== WHAT YOU HAVE TO DO ==
Restate every line of the data word for word, except for the images.

(Records contained in a dataset)
■ ■ ■
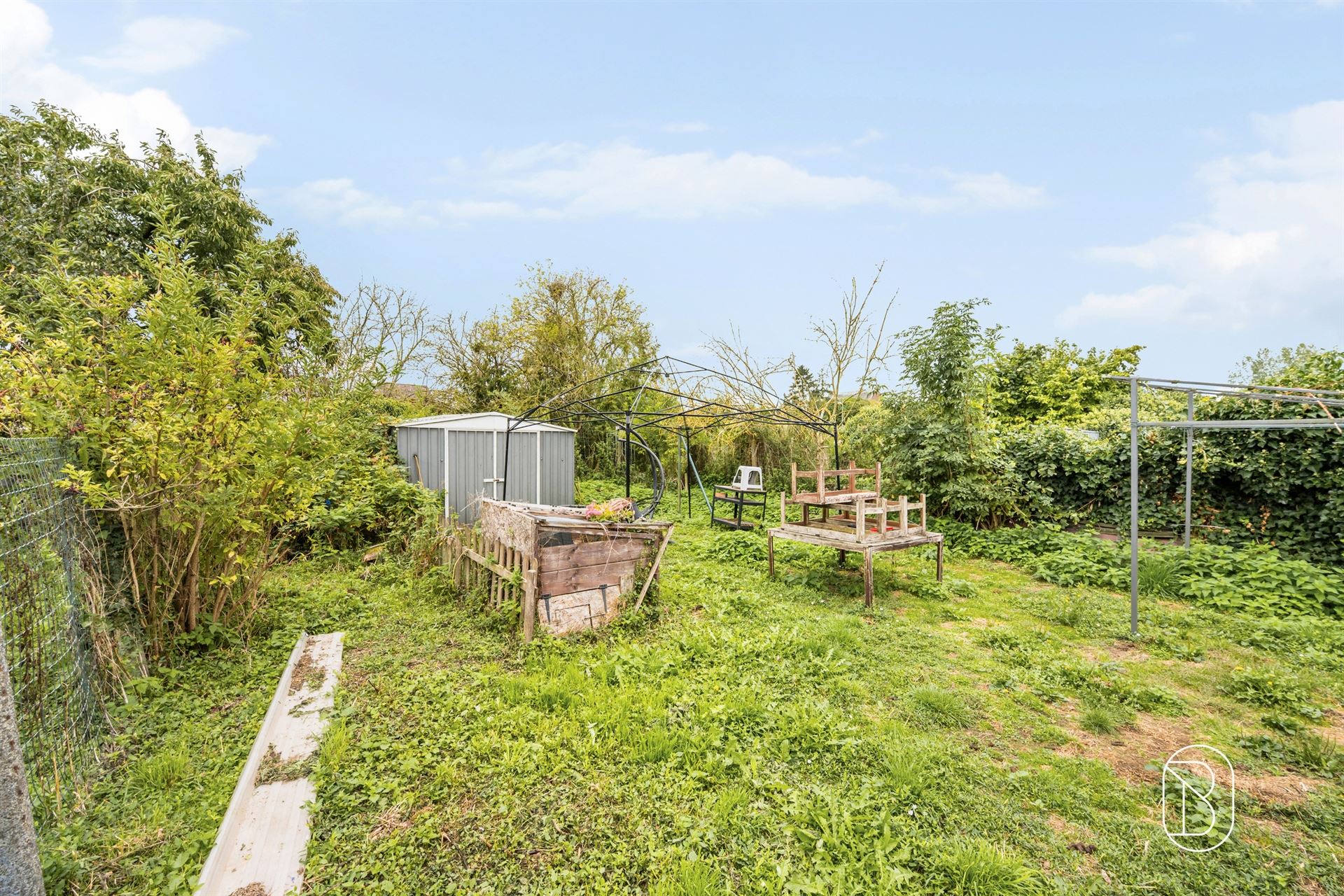 Huis met 5 slk en een tuin, op een ideale locatie! - foto 4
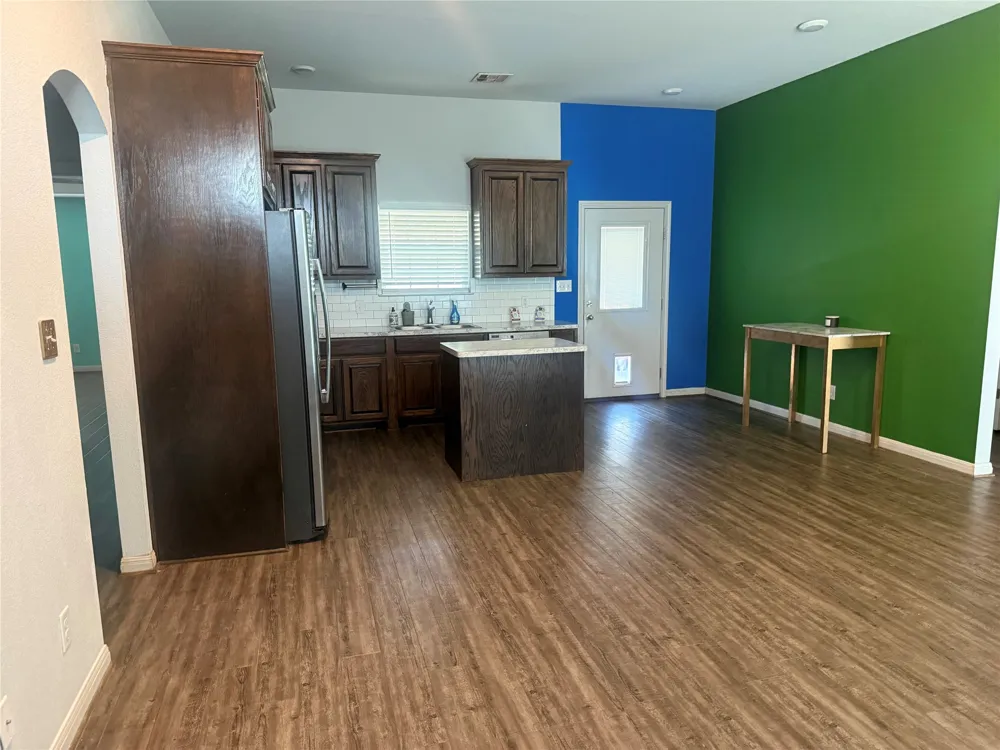 110 Tomahawk Lacy Lakeview, TX 76705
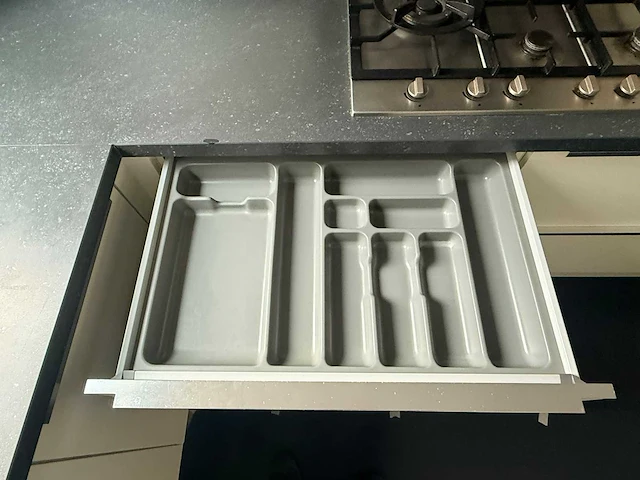 Bruynzeel - keuken met atag / bosch apparatuur - afbeelding 18 van  39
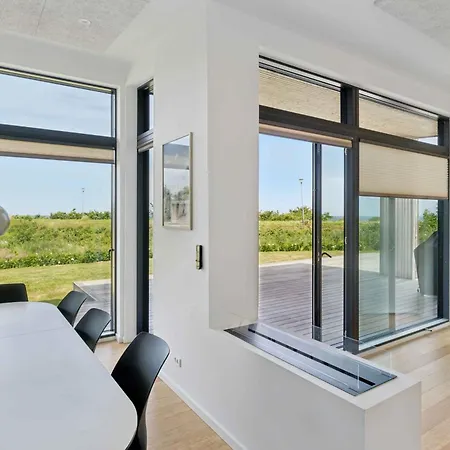Sea View And Comfort In Architect-designed Nyaraló *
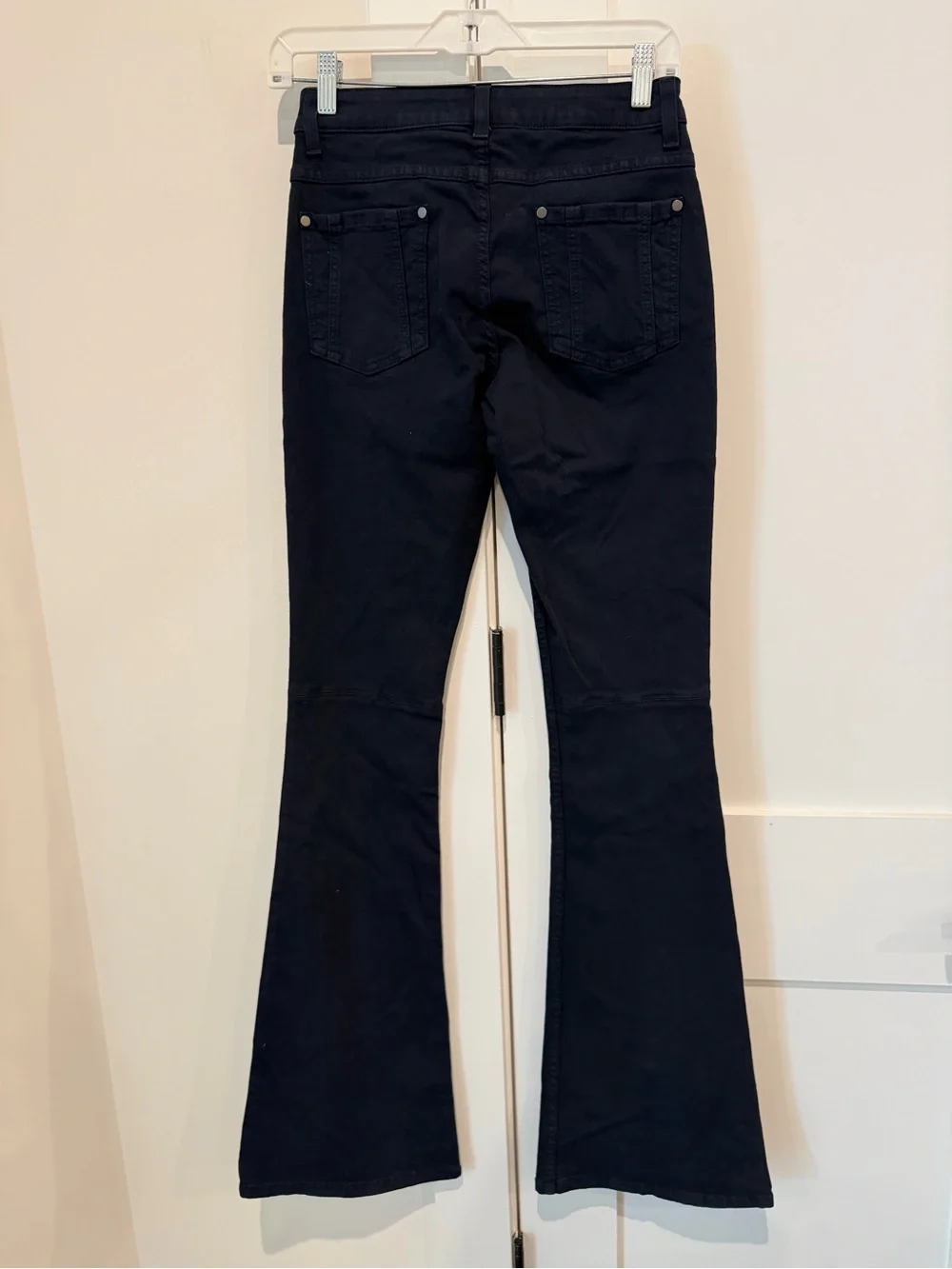 Alice + Olivia Navy High-Rise Navy Flare Jeans NWT Size 27 Denim Luxury Y2K 70's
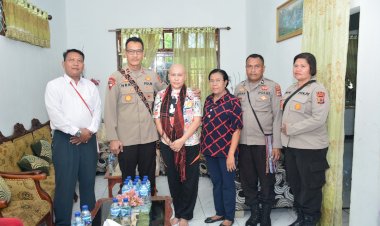 Wujud-Kepedulian,-Wakapolda-NTT-Kunjungi-Anggota-yang-Menderita-Sakit-Menahun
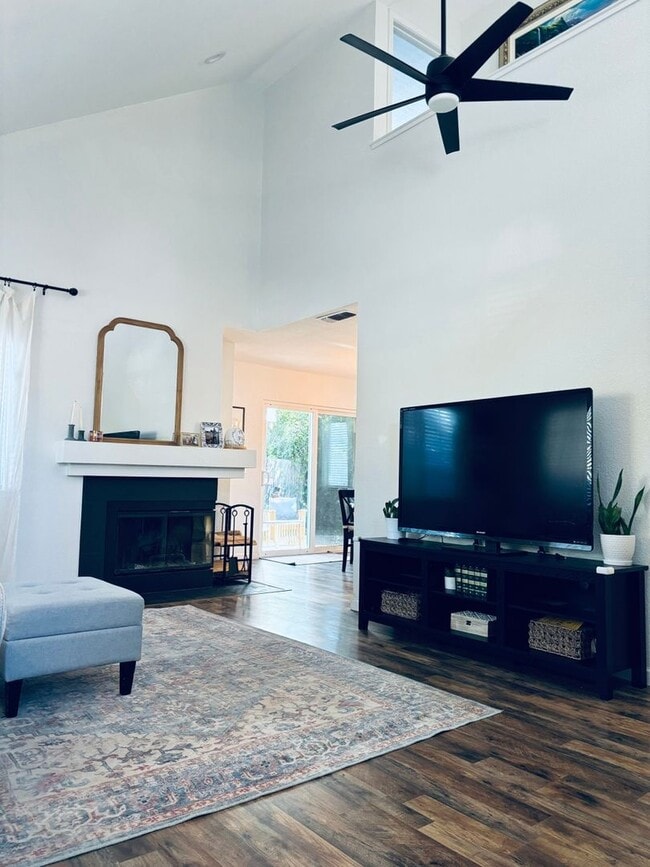 Building Photo - Charming 3BR Auburn Home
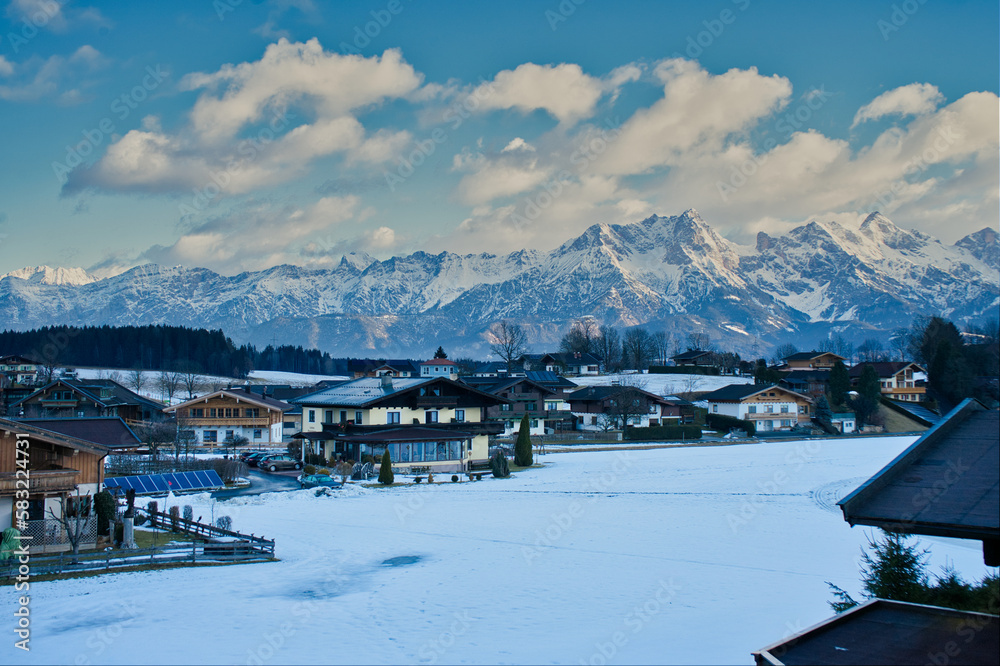 Winterliches Alpenland mit Nationalpark Hohen Tauern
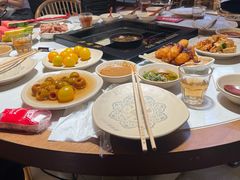 -老牌坊云南鱼豆花火锅(哈西万达店)
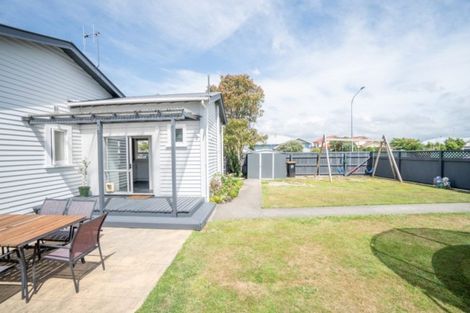 Photo of property in 46 Kingswood Street, Takaro, Palmerston North, 4412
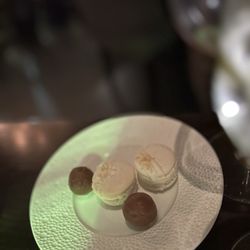 Deuxave - Compliments after dinner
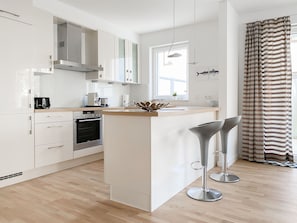 Kühlschrank, Ofen, Geschirrspüler, Wasserkocher mit Kaffee-/Teezubehör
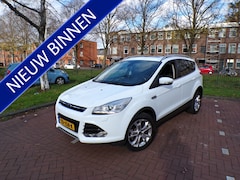 Ford Kuga - 1.6 Titanium Plus panoramadak cruisecontrol telefoon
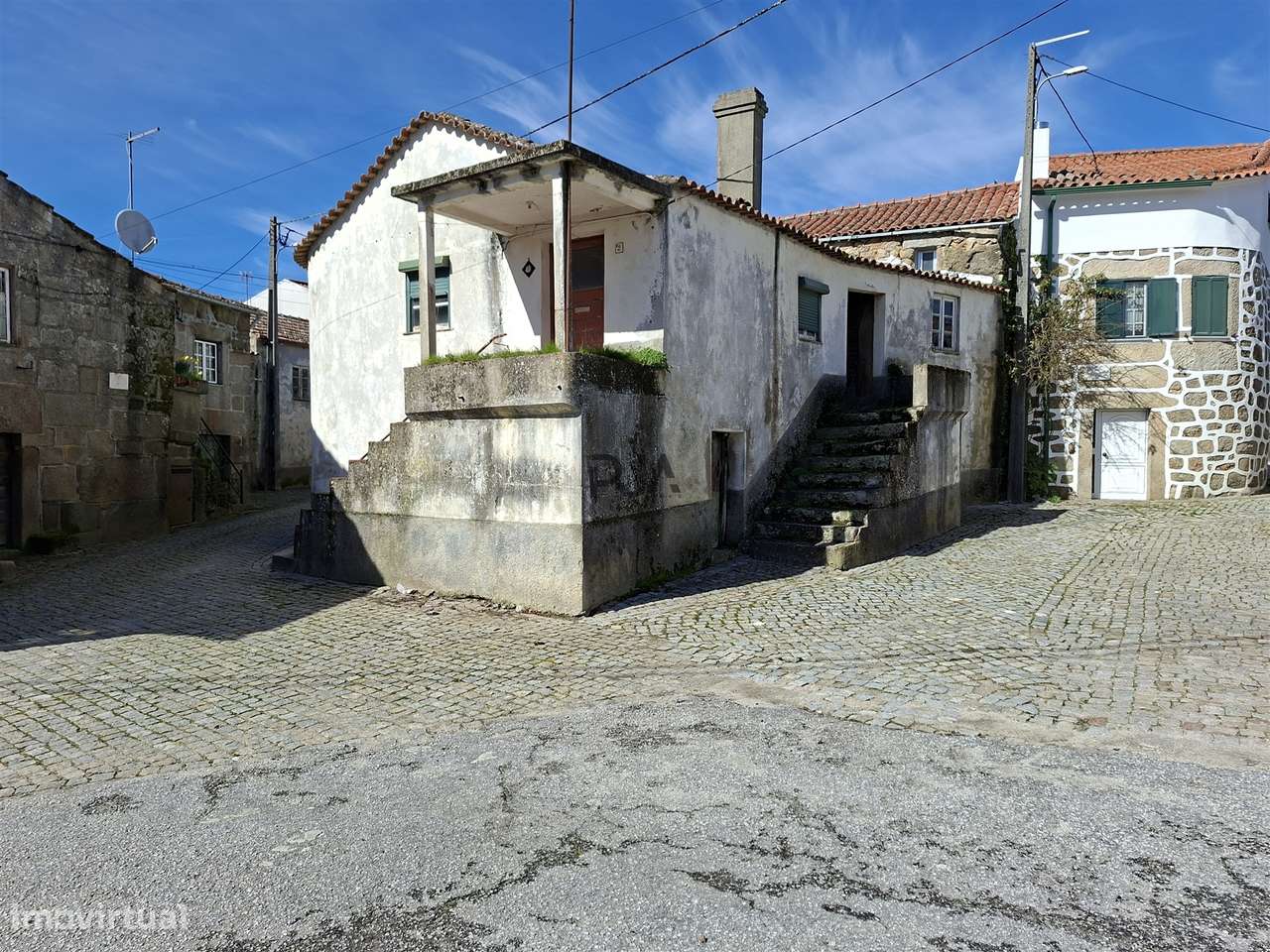 Moradia Para Recuperar em Casal Vasco, Fornos de Algodres-5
■ ■ ■
== TASK ANSWER ==
 Huis met 5 slk en een tuin, op een ideale locatie! - foto 4
 110 Tomahawk Lacy Lakeview, TX 76705
 Bruynzeel - keuken met atag / bosch apparatuur - afbeelding 18 van  39
Sea View And Comfort In Architect-designed Nyaraló *
 Alice + Olivia Navy High-Rise Navy Flare Jeans NWT Size 27 Denim Luxury Y2K 70's
 Wujud-Kepedulian,-Wakapolda-NTT-Kunjungi-Anggota-yang-Menderita-Sakit-Menahun
 Building Photo - Charming 3BR Auburn Home
 Winterliches Alpenland mit Nationalpark Hohen Tauern
 -老牌坊云南鱼豆花火锅(哈西万达店)
 Photo of property in 46 Kingswood Street, Takaro, Palmerston North, 4412
 Deuxave - Compliments after dinner
 Kühlschrank, Ofen, Geschirrspüler, Wasserkocher mit Kaffee-/Teezubehör
 Ford Kuga - 1.6 Titanium Plus panoramadak cruisecontrol telefoon
 Moradia Para Recuperar em Casal Vasco, Fornos de Algodres-5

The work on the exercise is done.